(Extracted data entries)
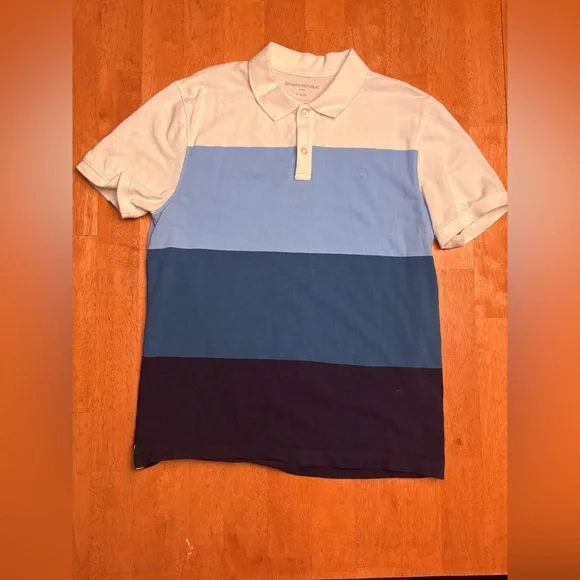 Banana Republic Men’s Polo - White & Light Blue & Navy Colorblock - Picture 1 of 5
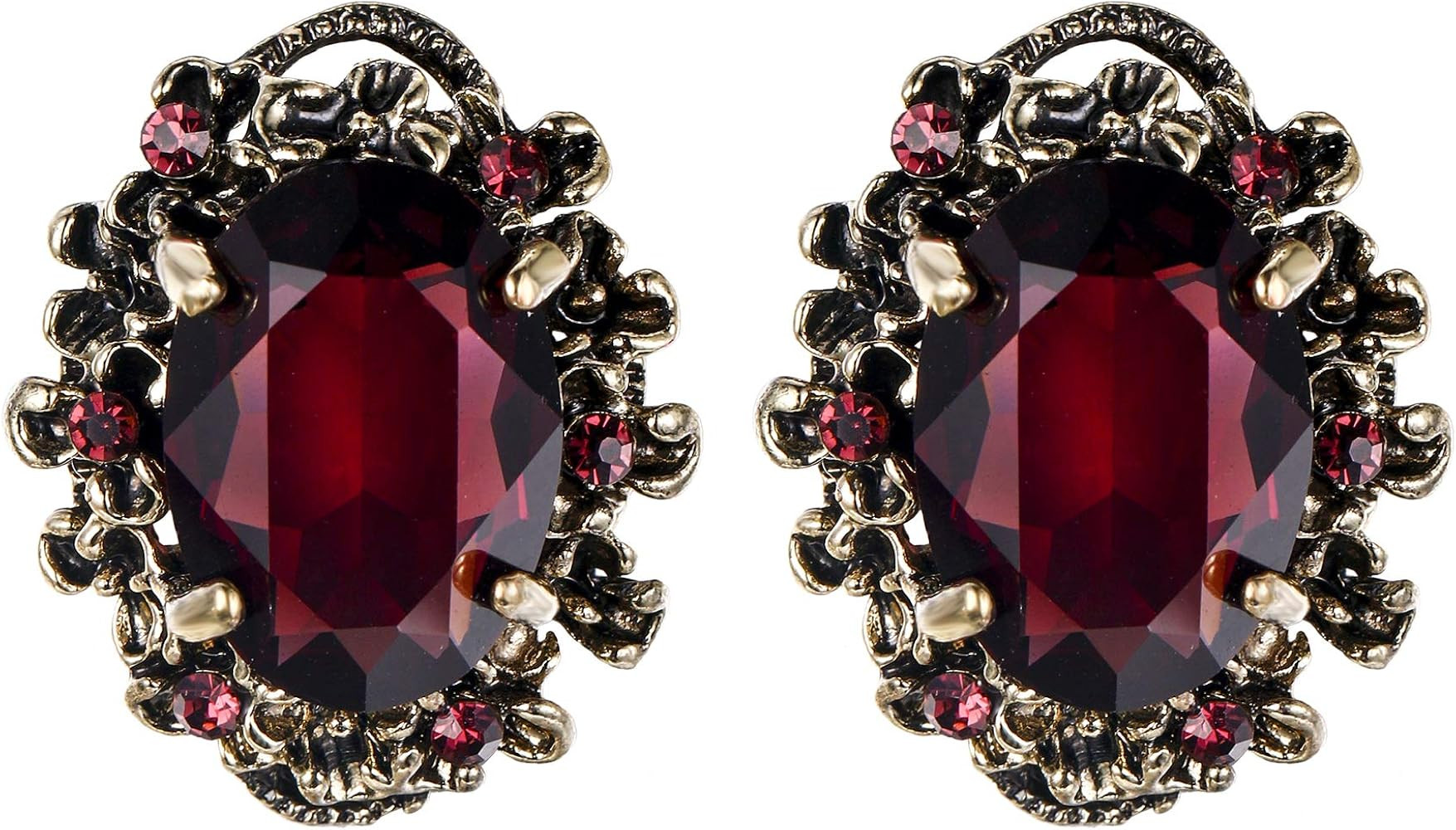 BriLove Women's Victorian Style Crystal Floral Scroll Cameo Inspired Oval Stud Earrings | Amazon (US)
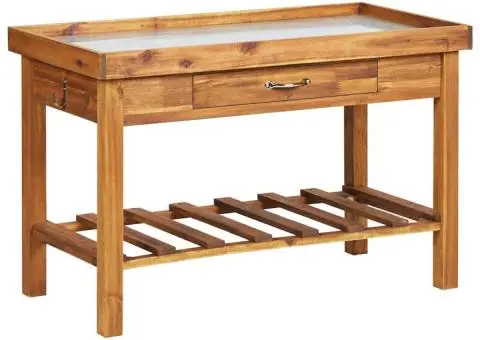 Banc de lucru de grădină, blat din zinc, lemn masiv de acacia - 1/5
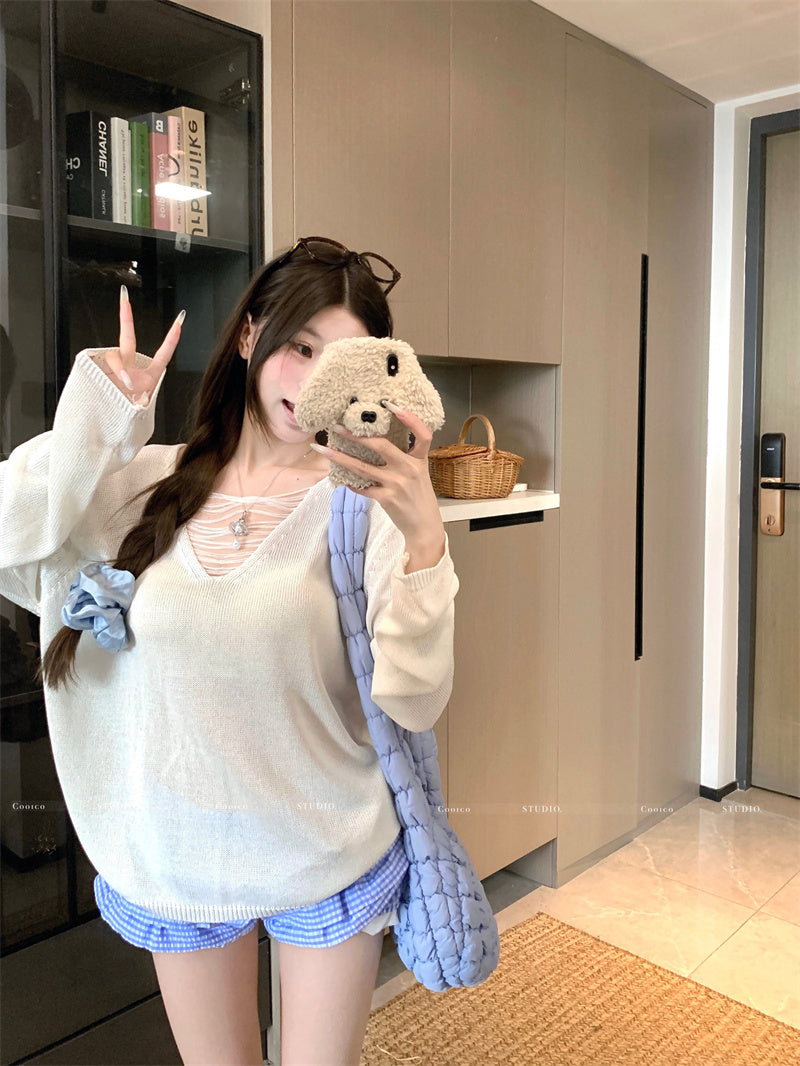 💕大V領微縷空針織防曬罩衫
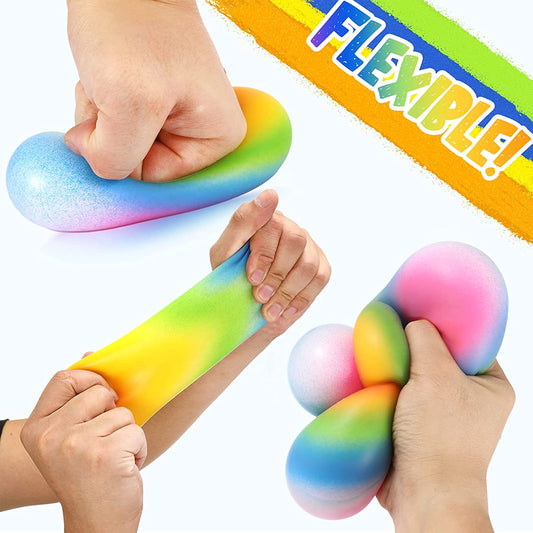 1 Mini 3 Mesh sensory finger fidget stress ball autism squeezable squishy  toy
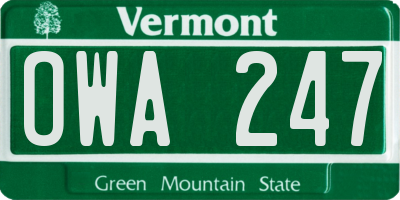 VT license plate OWA247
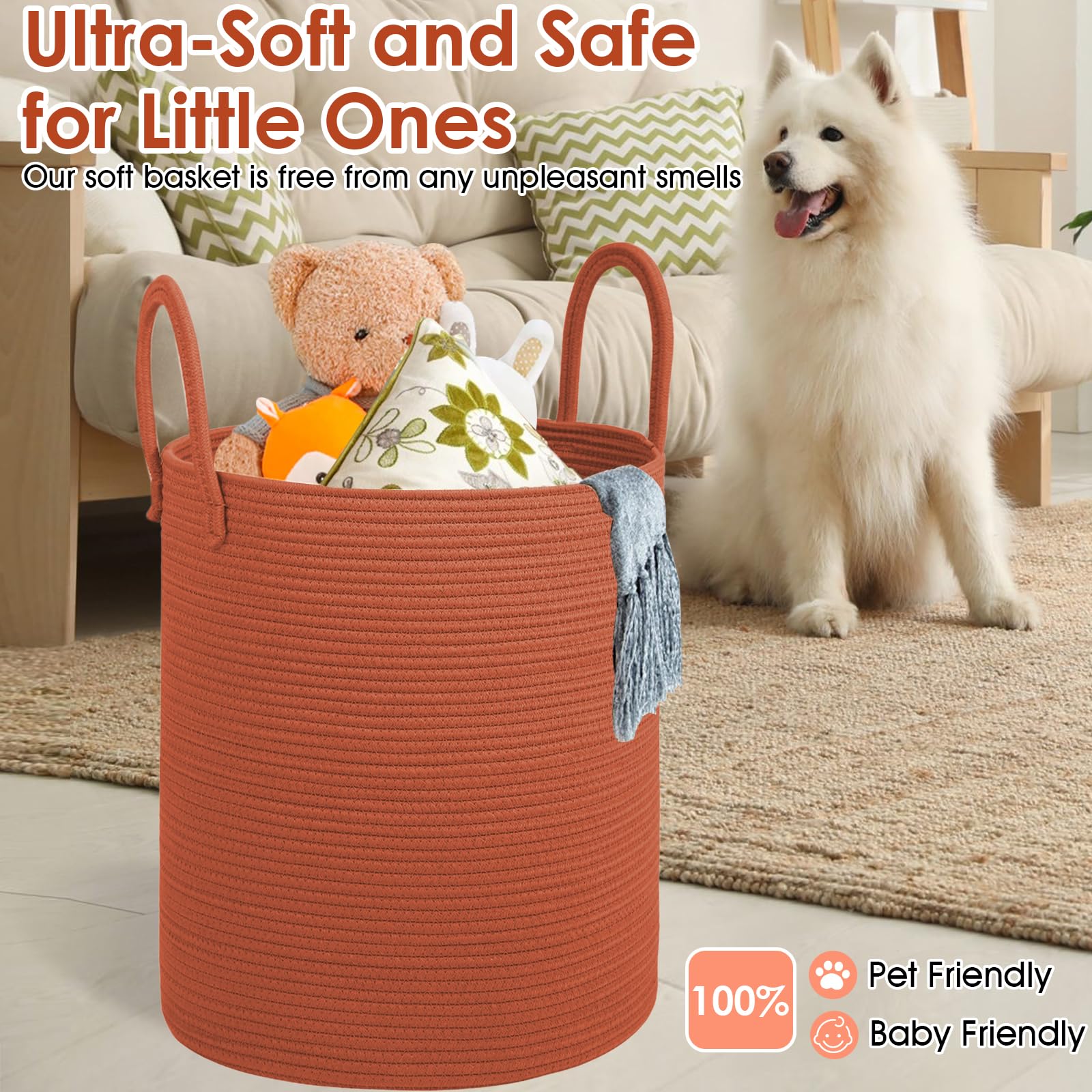 HOBASKET living room organization basket keeps items neatly accessible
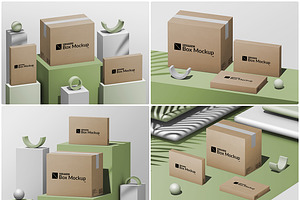 Packaging Carton Box Layered Mockups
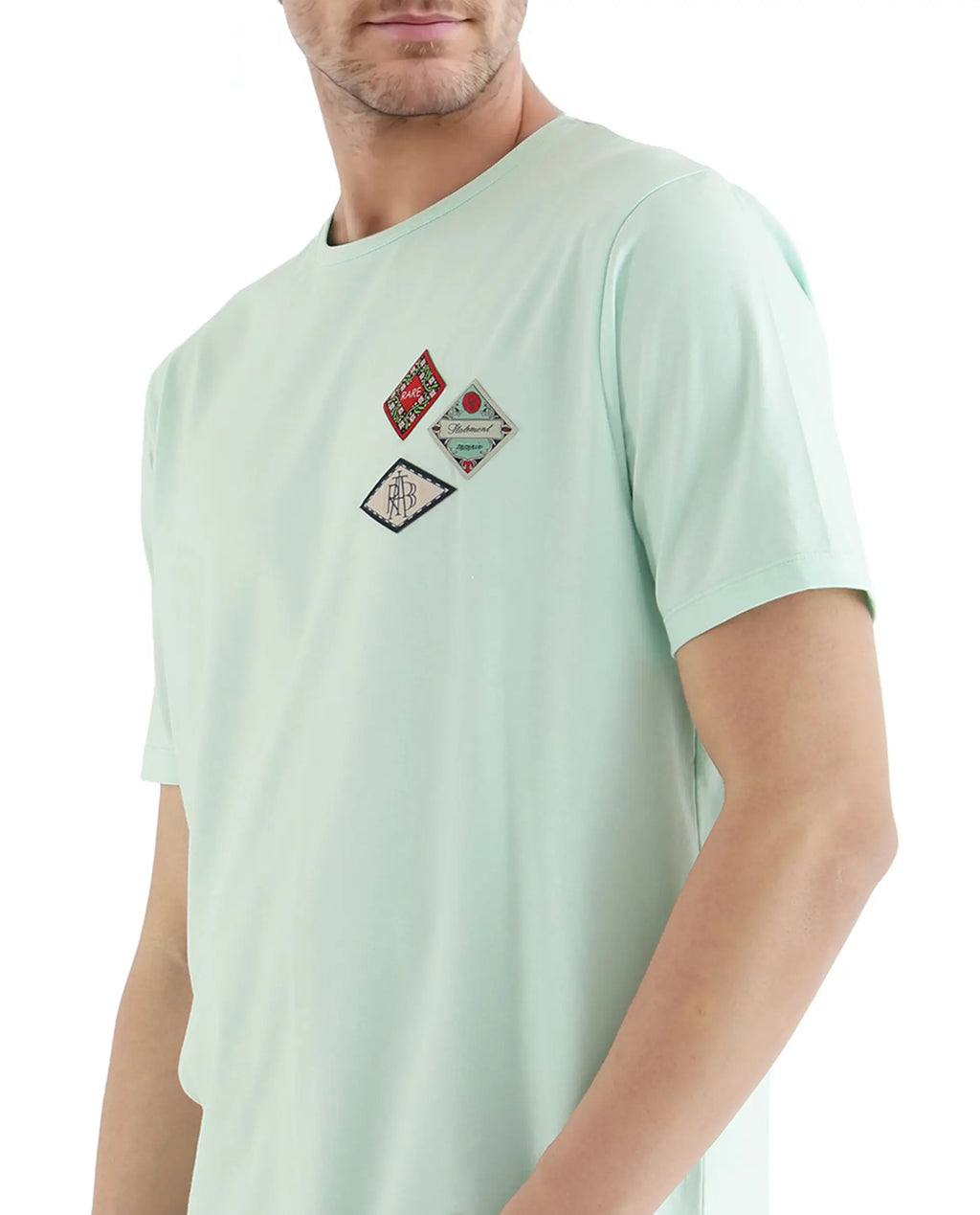 Rare Rabbit Men's Dorl Light Blue Cotton Graphic Print Regular Fit Half Sleeve Crew Neck T-Shirt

PROBLEM TO WORK ON. An exact, image-free transcription of all the records above is needed.

RESULT OF THIS TASK.
 Banana Republic Men’s Polo - White & Light Blue & Navy Colorblock - Picture 1 of 5
 BriLove Women's Victorian Style Crystal Floral Scroll Cameo Inspired Oval Stud Earrings | Amazon (US)
 Banc de lucru de grădină, blat din zinc, lemn masiv de acacia - 1/5
 💕大V領微縷空針織防曬罩衫
 1 Mini 3 Mesh sensory finger fidget stress ball autism squeezable squishy  toy
 VT license plate OWA247
 HOBASKET living room organization basket keeps items neatly accessible
 Packaging Carton Box Layered Mockups
 Rare Rabbit Men's Dorl Light Blue Cotton Graphic Print Regular Fit Half Sleeve Crew Neck T-Shirt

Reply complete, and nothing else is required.